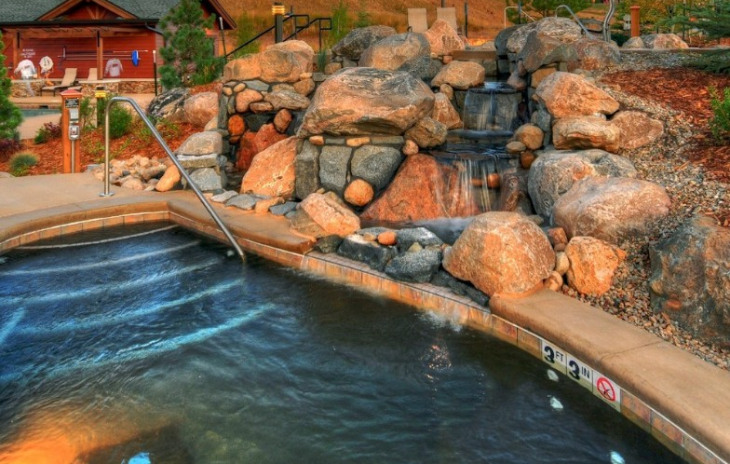 2458 CattlE KatE CirclE Photo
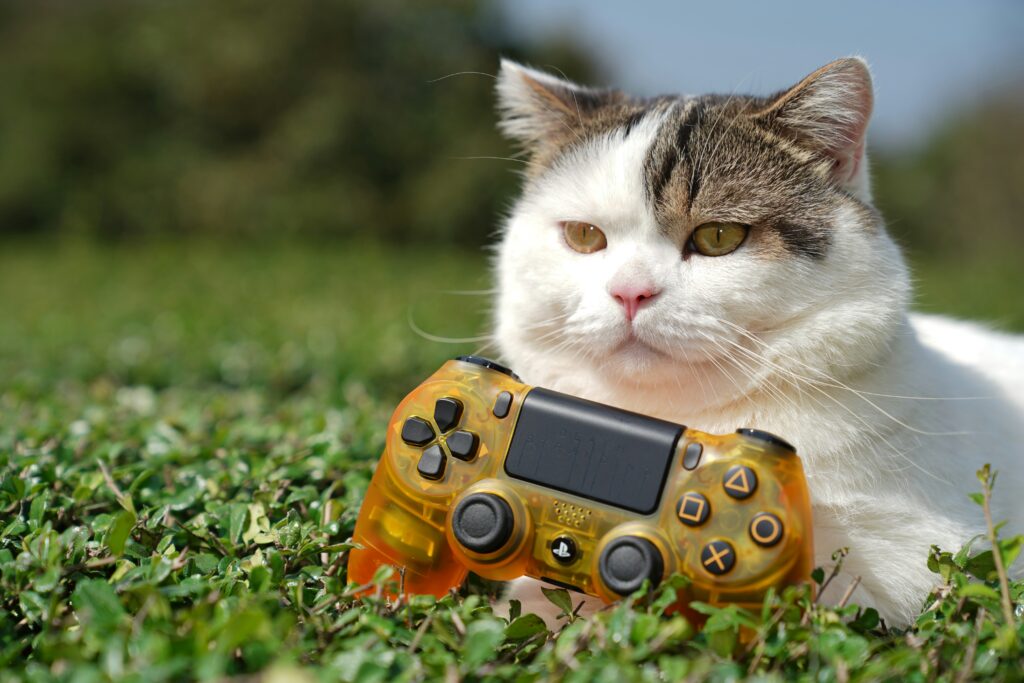 Monthly Recap: Major News in the Gaming World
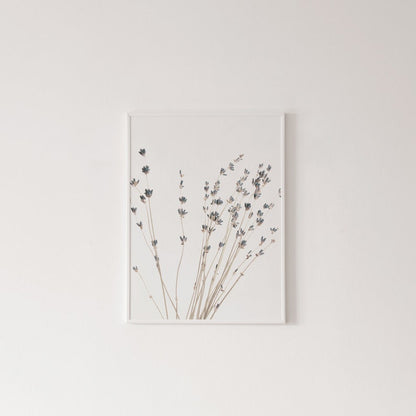 Botanische Canvas Schilderijen (3 Stuks)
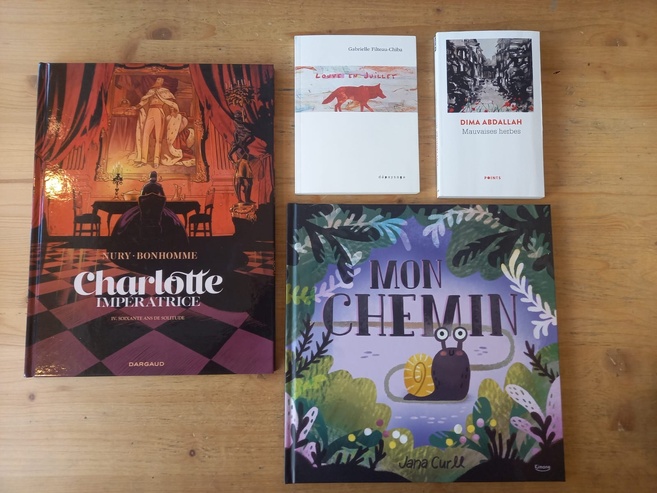 La chronique littéraire de la librairie Voyage au bout des livres 2/2 La chronique littéraire de la librairie Voyage au bout des livres 2/2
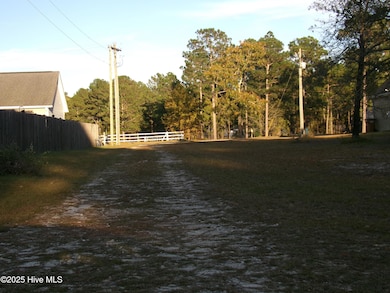 158 Brians Woods Rd, Maple Hill, NC 28454 - photo 5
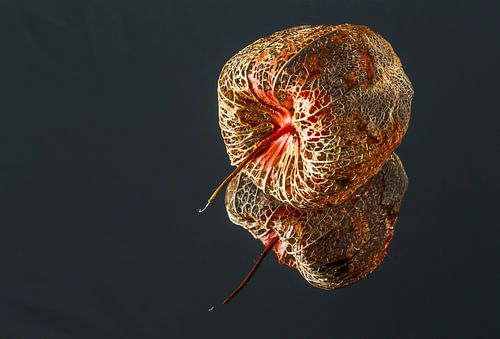 Herfstvrucht spiegeling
------------------------
Instructions to follow: Find "Botanische Canvas Schilderijen (3 Stuks)" in the entries, then reproduce that line and each line after it exactly, through the last one. Pictures do not go in.

Task result:
 Botanische Canvas Schilderijen (3 Stuks)
 La chronique littéraire de la librairie Voyage au bout des livres 2/2 La chronique littéraire de la librairie Voyage au bout des livres 2/2
 158 Brians Woods Rd, Maple Hill, NC 28454 - photo 5
 Herfstvrucht spiegeling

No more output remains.